British actress (1962–2022)

Kirsten Elizabeth Keswick 'Kirsty' Hughes (11 November 1962 – 27 May 2022) was a British actress best known for playing cartoon strip heroine Jane in the 1987 film Jane and the Lost City.

Hughes was the daughter of a BP businessman and was raised in Fleet in Hampshire before training at the Royal Academy of Dramatic Art (RADA), graduating with a diploma in 1983. She first came to notice when she appeared as a flight attendant in an ad for British Airways in 1986. She played Elizabeth Robertson in an episode of the schools' series Starting Out alongside Joanna Lumley and Rebecca Lacey (1986). In 1987 she played cartoon strip heroine Jane in the film Jane and the Lost City.
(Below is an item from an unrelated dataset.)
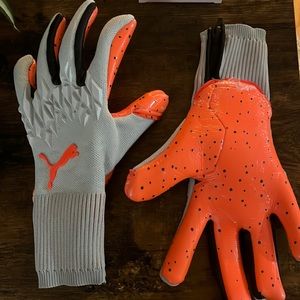 Puma size 7 goalkeeper gloves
Hughes played Mary McKinnon in The Kitchen Toto (1987), Anna in At the Cafe Continental (1989), Trudy/Kate Hindley in Boon (1987–1991), Allison Mannering in the Channel 5 children's television series The Enid Blyton Adventures (1997), and Cynthia Barton in Reversals (2003).

From 1995 to 2011 she was the partner of Sir Benjamin Slade, and worked with him in making Maunsel House and neighbouring Woodlands Castle into a successful wedding venue. After a three-year affair, she later "ran off with the handyman".